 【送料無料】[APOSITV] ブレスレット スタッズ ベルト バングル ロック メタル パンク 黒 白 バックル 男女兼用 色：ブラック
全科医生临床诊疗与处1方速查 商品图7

■ ■ ■ ■

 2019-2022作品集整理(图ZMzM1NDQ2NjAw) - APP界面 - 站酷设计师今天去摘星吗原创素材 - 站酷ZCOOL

■ ■ ■ ■

From the records above, quote only the lines running from the line with "バックル 男女兼用 色：ブラック" to the line with "全科医生临床诊疗与处1方速查 商品图7", both lines included.

◆ **Result of the task**:
 【送料無料】[APOSITV] ブレスレット スタッズ ベルト バングル ロック メタル パンク 黒 白 バックル 男女兼用 色：ブラック
全科医生临床诊疗与处1方速查 商品图7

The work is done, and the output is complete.